“Mix” (ABC) pilot preview: A half-baked family soap that still makes you hungry for more!


Created by Jennifer Cecil (Private Practice, Brothers & Sisters, 92010, Hostages). Produced by Rashida Jones (A To Z), Will McCormack (A To Z) & Jeff Grosvenor. Directed by Daniel Barnz (Cake, Won’t Back Down, Beastly). For ABC, Warner Bros. Television & Le Train Train Productions. 58 pages.
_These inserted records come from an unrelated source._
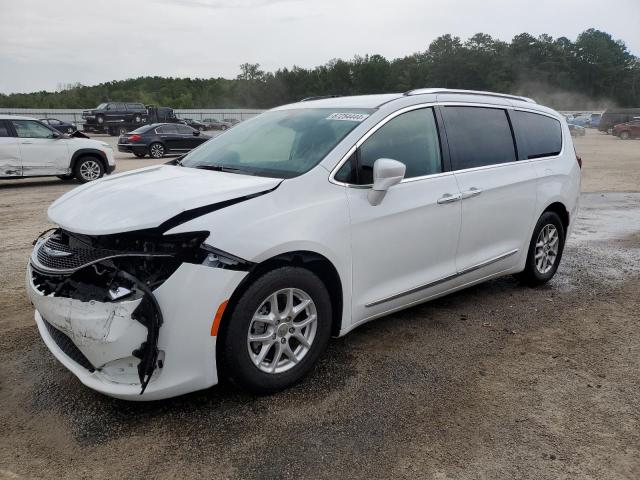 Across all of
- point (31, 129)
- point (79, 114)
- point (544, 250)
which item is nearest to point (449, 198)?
point (544, 250)

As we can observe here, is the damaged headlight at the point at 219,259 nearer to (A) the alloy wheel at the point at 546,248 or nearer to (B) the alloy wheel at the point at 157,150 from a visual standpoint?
(A) the alloy wheel at the point at 546,248

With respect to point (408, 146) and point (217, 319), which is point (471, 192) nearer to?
point (408, 146)

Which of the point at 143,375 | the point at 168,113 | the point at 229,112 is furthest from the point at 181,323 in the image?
the point at 229,112

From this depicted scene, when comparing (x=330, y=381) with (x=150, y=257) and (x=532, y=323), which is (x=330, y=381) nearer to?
(x=150, y=257)

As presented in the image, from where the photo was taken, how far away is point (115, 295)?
2701 millimetres

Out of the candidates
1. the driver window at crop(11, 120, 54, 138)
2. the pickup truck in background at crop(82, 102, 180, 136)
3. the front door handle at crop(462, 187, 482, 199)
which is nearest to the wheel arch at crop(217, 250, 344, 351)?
the front door handle at crop(462, 187, 482, 199)

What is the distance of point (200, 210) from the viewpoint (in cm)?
290

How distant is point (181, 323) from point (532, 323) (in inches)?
118

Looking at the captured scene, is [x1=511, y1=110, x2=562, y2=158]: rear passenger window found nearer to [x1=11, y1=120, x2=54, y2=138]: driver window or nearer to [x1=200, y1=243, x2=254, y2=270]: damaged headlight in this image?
[x1=200, y1=243, x2=254, y2=270]: damaged headlight

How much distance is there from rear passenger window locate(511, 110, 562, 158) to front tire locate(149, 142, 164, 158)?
1855 centimetres

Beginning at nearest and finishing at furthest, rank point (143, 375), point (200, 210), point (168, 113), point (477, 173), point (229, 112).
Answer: point (143, 375), point (200, 210), point (477, 173), point (168, 113), point (229, 112)

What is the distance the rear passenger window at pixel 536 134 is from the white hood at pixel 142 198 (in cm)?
271

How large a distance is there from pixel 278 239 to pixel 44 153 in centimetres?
1178

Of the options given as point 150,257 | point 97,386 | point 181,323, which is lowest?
point 97,386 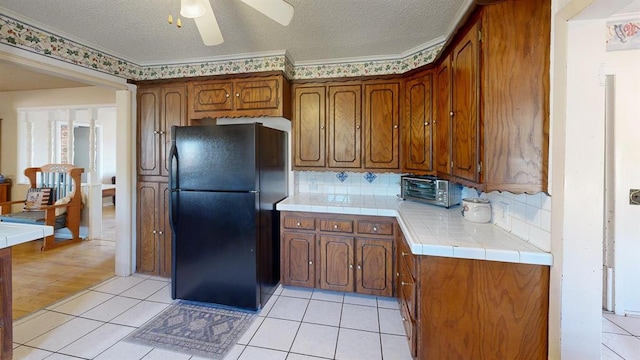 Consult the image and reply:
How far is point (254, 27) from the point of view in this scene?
2100 mm

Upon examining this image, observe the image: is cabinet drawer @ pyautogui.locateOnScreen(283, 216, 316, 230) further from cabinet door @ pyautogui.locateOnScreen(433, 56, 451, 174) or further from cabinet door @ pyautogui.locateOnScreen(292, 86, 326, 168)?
cabinet door @ pyautogui.locateOnScreen(433, 56, 451, 174)

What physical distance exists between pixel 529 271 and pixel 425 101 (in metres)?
1.58

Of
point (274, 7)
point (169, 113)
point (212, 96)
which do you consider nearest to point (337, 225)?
point (274, 7)

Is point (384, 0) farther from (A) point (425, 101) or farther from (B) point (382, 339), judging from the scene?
(B) point (382, 339)

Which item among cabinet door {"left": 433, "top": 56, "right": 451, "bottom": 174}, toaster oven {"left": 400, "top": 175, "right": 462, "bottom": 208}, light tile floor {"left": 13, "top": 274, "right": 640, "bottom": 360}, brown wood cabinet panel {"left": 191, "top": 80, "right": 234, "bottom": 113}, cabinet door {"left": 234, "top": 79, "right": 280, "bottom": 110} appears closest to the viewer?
light tile floor {"left": 13, "top": 274, "right": 640, "bottom": 360}

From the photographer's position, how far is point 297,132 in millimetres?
2814

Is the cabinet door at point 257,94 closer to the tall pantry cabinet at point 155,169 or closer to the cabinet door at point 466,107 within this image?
the tall pantry cabinet at point 155,169

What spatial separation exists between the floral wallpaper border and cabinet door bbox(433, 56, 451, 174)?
43 cm

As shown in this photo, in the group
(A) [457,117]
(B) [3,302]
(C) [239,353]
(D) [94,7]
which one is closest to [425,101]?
(A) [457,117]

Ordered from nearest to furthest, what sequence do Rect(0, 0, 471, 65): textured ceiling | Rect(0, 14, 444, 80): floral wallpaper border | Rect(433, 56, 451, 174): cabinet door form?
Rect(0, 0, 471, 65): textured ceiling < Rect(433, 56, 451, 174): cabinet door < Rect(0, 14, 444, 80): floral wallpaper border

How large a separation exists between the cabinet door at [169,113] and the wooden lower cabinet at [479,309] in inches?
107

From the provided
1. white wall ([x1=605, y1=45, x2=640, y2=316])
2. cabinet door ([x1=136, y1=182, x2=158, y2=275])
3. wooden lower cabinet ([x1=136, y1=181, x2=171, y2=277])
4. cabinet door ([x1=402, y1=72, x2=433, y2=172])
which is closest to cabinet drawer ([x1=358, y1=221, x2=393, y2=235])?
cabinet door ([x1=402, y1=72, x2=433, y2=172])

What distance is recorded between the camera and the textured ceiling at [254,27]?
183 cm

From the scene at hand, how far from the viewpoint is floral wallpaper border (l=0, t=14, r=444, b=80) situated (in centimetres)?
213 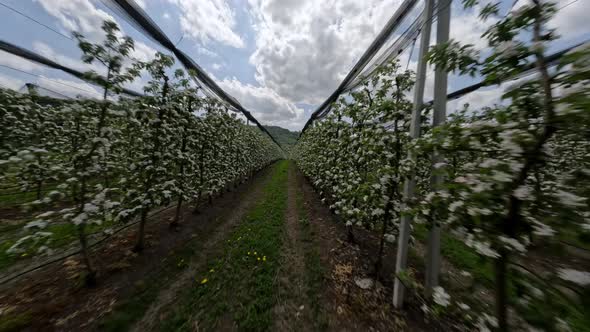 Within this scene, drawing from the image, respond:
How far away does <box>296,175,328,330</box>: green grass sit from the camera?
3.56 metres

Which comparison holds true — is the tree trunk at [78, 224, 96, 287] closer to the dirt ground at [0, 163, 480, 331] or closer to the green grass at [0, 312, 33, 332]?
the dirt ground at [0, 163, 480, 331]

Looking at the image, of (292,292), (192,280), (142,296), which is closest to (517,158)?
(292,292)

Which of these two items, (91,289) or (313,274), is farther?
(313,274)

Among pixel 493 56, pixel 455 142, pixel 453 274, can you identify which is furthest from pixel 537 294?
pixel 453 274

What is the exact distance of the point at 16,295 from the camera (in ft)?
11.6

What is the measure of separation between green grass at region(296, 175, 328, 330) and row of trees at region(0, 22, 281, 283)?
13.7ft

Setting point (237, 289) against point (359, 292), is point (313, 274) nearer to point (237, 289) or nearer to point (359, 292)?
point (359, 292)

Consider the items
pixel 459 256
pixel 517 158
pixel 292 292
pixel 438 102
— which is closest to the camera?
pixel 517 158

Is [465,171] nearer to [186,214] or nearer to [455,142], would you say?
[455,142]

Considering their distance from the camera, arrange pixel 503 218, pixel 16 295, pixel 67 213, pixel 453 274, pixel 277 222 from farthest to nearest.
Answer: pixel 277 222, pixel 453 274, pixel 16 295, pixel 67 213, pixel 503 218

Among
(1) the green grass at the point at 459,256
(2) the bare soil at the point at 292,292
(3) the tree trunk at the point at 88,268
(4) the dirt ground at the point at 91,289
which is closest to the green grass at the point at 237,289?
(2) the bare soil at the point at 292,292

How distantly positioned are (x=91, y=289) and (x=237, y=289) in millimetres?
2960

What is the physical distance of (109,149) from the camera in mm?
3881

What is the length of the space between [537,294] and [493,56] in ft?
6.13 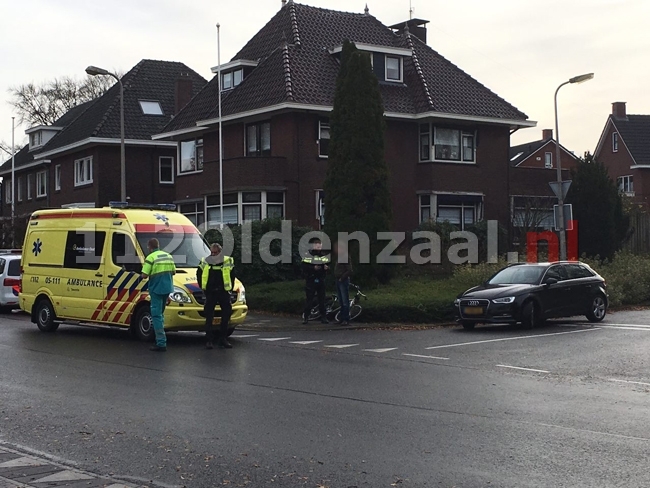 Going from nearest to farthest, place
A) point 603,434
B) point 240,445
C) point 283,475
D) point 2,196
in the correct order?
1. point 283,475
2. point 240,445
3. point 603,434
4. point 2,196

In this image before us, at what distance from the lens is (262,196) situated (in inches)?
1356

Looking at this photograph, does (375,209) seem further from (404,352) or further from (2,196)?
(2,196)

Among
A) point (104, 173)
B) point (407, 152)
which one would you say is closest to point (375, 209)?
point (407, 152)

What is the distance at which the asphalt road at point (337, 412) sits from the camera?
24.8ft

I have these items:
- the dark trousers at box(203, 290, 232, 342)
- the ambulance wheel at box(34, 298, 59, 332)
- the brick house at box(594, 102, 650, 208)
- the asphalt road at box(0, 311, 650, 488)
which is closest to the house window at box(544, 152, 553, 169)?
the brick house at box(594, 102, 650, 208)

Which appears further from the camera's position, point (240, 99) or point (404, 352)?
point (240, 99)

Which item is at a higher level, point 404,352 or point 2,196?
point 2,196

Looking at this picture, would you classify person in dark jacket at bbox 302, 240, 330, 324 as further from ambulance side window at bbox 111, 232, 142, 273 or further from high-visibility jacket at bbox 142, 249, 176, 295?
high-visibility jacket at bbox 142, 249, 176, 295

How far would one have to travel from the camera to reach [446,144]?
37.6 m

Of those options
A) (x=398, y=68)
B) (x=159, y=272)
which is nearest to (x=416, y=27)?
(x=398, y=68)

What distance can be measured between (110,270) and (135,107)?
30947mm

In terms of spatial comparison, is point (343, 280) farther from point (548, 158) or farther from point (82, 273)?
point (548, 158)

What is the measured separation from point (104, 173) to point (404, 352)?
31.6 meters

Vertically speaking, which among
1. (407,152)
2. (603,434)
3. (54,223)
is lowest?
(603,434) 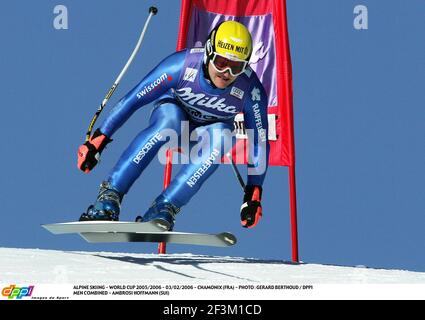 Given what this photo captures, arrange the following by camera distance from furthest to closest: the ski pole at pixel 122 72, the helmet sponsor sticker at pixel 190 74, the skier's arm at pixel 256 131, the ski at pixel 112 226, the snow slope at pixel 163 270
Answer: the ski pole at pixel 122 72 < the skier's arm at pixel 256 131 < the helmet sponsor sticker at pixel 190 74 < the ski at pixel 112 226 < the snow slope at pixel 163 270

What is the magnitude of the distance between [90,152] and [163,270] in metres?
0.94

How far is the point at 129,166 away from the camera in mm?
7102

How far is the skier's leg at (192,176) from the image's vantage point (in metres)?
7.05

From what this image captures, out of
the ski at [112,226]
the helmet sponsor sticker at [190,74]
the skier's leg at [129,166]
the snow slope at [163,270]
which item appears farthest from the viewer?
the helmet sponsor sticker at [190,74]

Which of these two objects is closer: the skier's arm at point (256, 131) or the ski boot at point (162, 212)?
the ski boot at point (162, 212)

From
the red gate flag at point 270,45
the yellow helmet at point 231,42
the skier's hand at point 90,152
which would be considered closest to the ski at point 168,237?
the skier's hand at point 90,152

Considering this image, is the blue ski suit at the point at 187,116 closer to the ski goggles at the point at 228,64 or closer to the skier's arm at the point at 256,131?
the skier's arm at the point at 256,131

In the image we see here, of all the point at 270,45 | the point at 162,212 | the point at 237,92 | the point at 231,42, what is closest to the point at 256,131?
the point at 237,92

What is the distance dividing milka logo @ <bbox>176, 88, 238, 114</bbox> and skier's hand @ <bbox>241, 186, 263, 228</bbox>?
1.87 feet

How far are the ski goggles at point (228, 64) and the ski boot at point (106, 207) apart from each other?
3.39ft

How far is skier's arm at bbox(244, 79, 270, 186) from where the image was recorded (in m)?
7.36

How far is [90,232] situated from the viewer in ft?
23.5

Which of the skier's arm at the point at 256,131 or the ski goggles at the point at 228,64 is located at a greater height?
the ski goggles at the point at 228,64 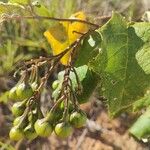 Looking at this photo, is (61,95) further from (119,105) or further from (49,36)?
(49,36)

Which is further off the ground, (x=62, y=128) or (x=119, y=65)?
(x=119, y=65)

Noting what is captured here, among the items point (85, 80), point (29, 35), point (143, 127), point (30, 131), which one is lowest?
point (29, 35)

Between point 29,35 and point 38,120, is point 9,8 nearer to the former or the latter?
point 38,120

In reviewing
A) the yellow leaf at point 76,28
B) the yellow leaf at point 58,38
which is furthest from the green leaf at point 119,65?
the yellow leaf at point 58,38

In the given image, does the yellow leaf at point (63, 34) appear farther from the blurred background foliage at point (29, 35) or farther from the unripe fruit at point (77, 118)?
the blurred background foliage at point (29, 35)

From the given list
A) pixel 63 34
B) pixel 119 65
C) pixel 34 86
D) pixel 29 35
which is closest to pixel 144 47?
pixel 119 65

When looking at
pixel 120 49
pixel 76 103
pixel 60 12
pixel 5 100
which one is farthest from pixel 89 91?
pixel 60 12

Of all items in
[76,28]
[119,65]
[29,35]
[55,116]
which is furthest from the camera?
[29,35] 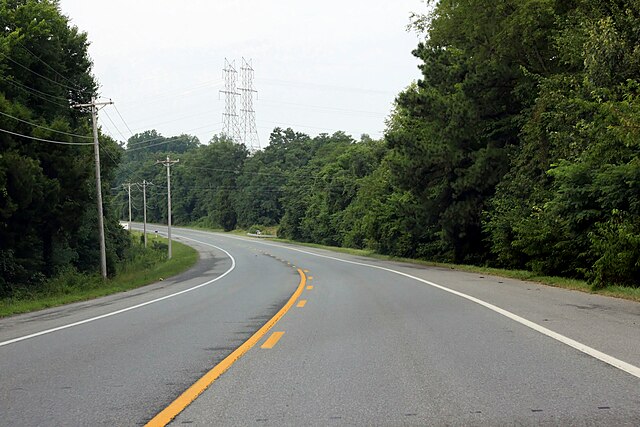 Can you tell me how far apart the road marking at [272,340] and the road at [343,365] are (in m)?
0.06

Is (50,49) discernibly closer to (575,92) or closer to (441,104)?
(441,104)

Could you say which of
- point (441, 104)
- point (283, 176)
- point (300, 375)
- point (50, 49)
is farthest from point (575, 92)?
point (283, 176)

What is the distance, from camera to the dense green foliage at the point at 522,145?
55.8 ft

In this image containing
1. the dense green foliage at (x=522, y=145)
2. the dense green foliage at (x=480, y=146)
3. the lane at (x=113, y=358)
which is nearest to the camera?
the lane at (x=113, y=358)

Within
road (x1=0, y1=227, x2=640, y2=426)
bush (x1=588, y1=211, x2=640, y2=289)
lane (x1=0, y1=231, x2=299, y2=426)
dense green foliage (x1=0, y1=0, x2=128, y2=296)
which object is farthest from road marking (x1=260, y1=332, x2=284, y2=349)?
dense green foliage (x1=0, y1=0, x2=128, y2=296)

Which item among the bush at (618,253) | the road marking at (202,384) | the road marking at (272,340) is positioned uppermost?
the bush at (618,253)

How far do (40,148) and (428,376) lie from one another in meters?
27.1

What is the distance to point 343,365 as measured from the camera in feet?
23.7

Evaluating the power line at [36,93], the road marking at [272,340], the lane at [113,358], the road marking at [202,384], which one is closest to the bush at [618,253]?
the lane at [113,358]

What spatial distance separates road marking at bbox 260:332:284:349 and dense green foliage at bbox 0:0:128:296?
18.2 metres

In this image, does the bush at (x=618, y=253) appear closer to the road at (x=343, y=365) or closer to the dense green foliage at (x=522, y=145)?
the dense green foliage at (x=522, y=145)

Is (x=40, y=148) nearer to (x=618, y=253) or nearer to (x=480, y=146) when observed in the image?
(x=480, y=146)

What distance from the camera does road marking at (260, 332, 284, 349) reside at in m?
8.81

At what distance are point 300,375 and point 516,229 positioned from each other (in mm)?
17667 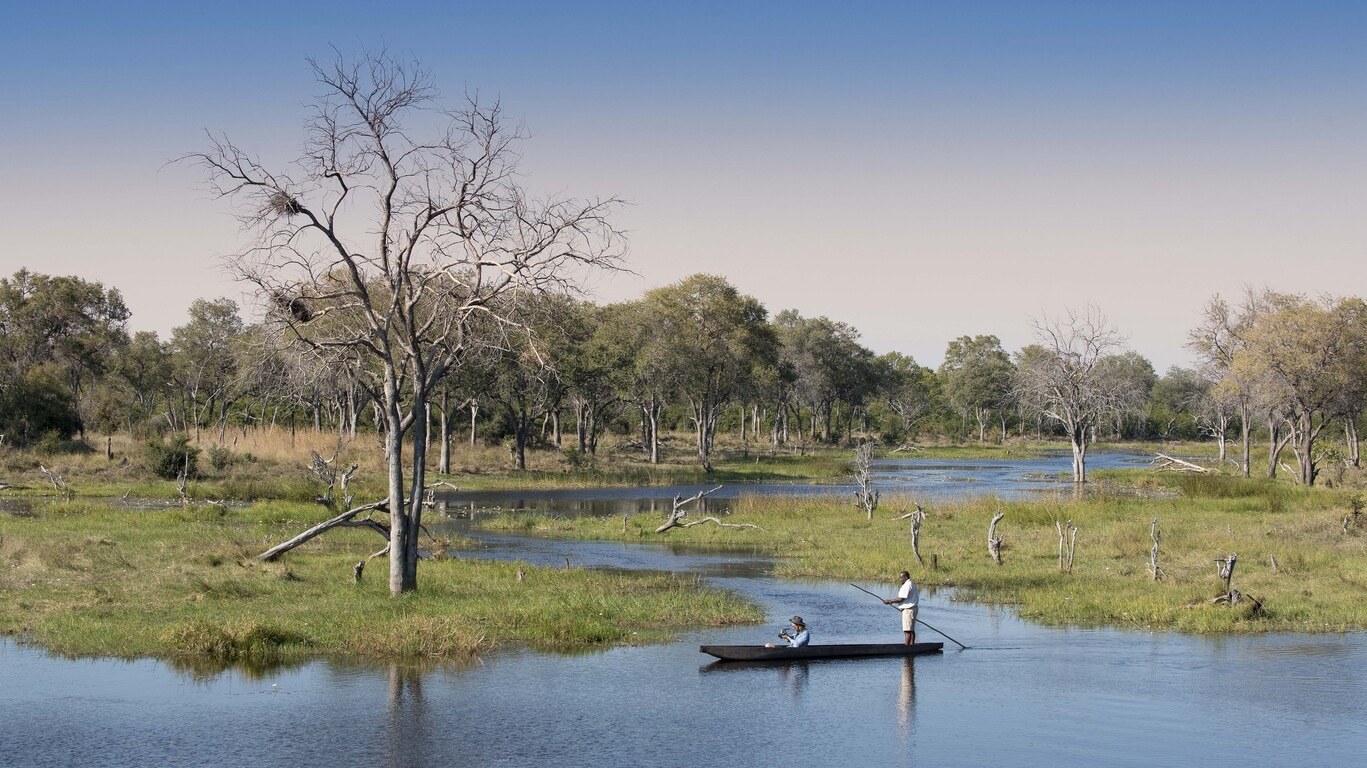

Description: Welcome to Mix, a family-owned restaurant in Austin, Texas. It’s a special day… or perhaps the eye of the storm for the Castillos, a multicultural and multigenerational family. Owner and larger-than-life chef Ray Castillo is doing what he does best: cooking. He’s juggling running the restaurant, catering his son Mateo’s commitment ceremony to his boyfriend Finn and preparing the kitchen for the return of his daughter Remy, home from a three year stint in prison for drug possession. His ex-wife but best friend, Stella Knox, is always around, running an offshoot of Mix called Mix Plus. The food, family, and frenzy makes Ray long for the days when the clan was one big happy family…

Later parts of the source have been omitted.